Both inflammation and angiogenesis are exacerbated by increased production of chemokines/cytokines, growth factors, proteolytic enzymes, proteoglycans, lipid mediators and prostaglandins. It has been reported that approximately 15-20% of all malignancies are initiated or exacerbated by inflammation. Initiation and progression of cancer are also closely linked to angiogenesis. Infiltration of macrophages is a dramatic and common feature of inflammation, angiogenesis and cancer, and has been recently highlighted in an attempt to develop novel strategies for treating cancer. The recruitment and infiltration of macrophages in the tumor microenvironment activates them to support the malignant progression of cancer cells, and these macrophages are called tumor-associated macrophages. In a model of experimental angiogenesis using mouse corneas, macrophages infiltrated tissue in response to inflammatory cytokines and produced chemokines and angiogenesis-promoting factors, such as vascular endothelial growth factor-A, interleukin-8, matrix metalloproteinases, prostanoids and reactive oxygen species. Moreover, in a cancer xenograft model, inflammatory stimuli by a representative inflammatory cytokine, interleukin-1beta, enhanced tumor growth and angiogenesis with infiltration and activation of macrophages. Co-culture of cancer cells with macrophages synergistically stimulated production of various angiogenesis-related factors when stimulated by the inflammatory cytokine. This inflammatory angiogenesis in both mouse cornea and a tumor model was mediated, in part, by activation of nuclear factor kappaB and activator protein 1 (Jun/Fos). Administration of either nuclear factor kappaB-targeting drugs or cyclooxygenase 2 inhibitors or depletion of macrophages could block both inflammatory angiogenesis and tumor angiogenesis. Thus, both inflammatory and angiogenic responses in tumor stroma could be targets for development of anticancer therapeutic drugs.

Figure 1

Growth factors, cytokines, adhesion molecules, proteases and other factors promote angiogenesis and inflammation in common and uncommon diseases.
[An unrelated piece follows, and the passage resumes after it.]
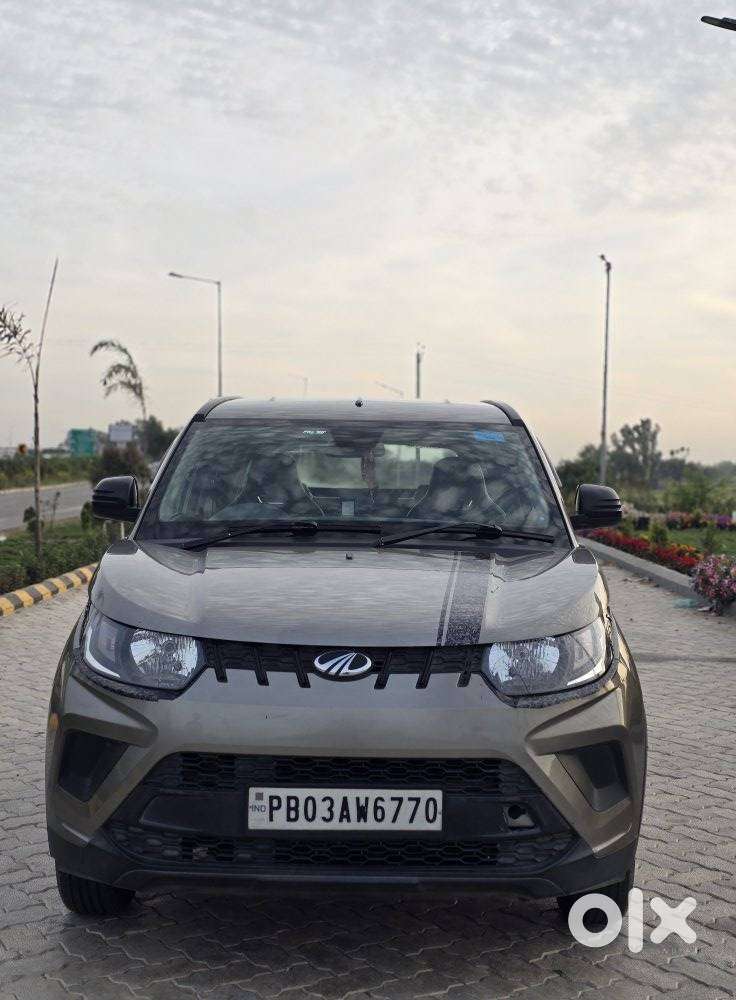 Mahindra Kuv 100 Mahindra-kuv-100-g80-k2-plus, 2018, Petrol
Ang, angiopoietin; COX2, cyclooxygenase 2; ECM, extracellular matrix; EGF, epidermal growth factor; FGF, fibroblast growth factor; HGF, hepatocyte growth factor; ICAM, intercellular adhesion molecule; IFN, interferon; IL, interleukin; MCP, monocyte chemoattractant protein; MMP, matrix metallopeptidase; Ox‐LDL, oxidised low density lipoprotein; PA, plasminogen activator; PDGF, platelet‐derived growth factor; SDF, stromal cell derived factor; TGF, transforming growth factor; TNF, tumor necrosis factor; VCAM, vascular cell adhesion molecule; VEGF, vascular endothelial growth factor; VLDL, very low density lipoprotein.

Figure 2

Monocytes/macrophages are educated to support malignant progression of cancer cells. Among the various inflammatory cell types and fibroblasts in tumor stroma, tumor‐associated macrophages (TAM) are thought to play a critical role in supporting the progression of cancer. Monocytes/macrophages are recruited to the tumor, become TAM, and help creation of a microenvironment that favors angiogenesis, migration and growth of malignant cells. CSF‐1, colony stimulating growth factor‐1; MCP‐1, monocyte chemoattractant protein‐1; MIP‐1, macrophage inhibitor protein‐1; VEGF, vascular endothelial growth factor.

Figure 3

IL‐1β is a potent angiogenic factor and the effect of selective cyclooxygenase 2 (COX 2) inhibitors on IL‐1β‐induced angiogenesis in mouse corneas. (a) IL‐1β‐ or VEGF‐induced angiogenesis on day 4 and 6 are shown. (b) Effect of two COX 2 selective inhibitors, DFU (50 mg/kg) or JTE522 (50 mg/kg), on IL‐1β‐induced angiogenesis in mouse corneas.

Figure 4

Administration of bisphosphonate encapsulated in a liposome (CI₂MDP‐LIP) inhibits IL‐1β‐induced tumor growth, angiogenesis and macrophage infiltration in tumors. (a) Growth of lung tumors (LLC/neo and LLC/IL‐1β), (b) number of infiltrating macrophage in tumors, and (c) microvascular density (MVD) in tumors are inhibited by administration of Cl₂MDP‐LIP.

Figure 5

Targeting activated macrophages including TAMs modulates angiogenesis, tumor growth and invasion by cancer cells. In this system for TAMs‐mediated tumor angiogenesis, inhibitors of macrophages infiltration/activation, and inflammatory mediators (e.g., COX2 activity and NF‐κB) are expected to suppress angiogenesis at various sites.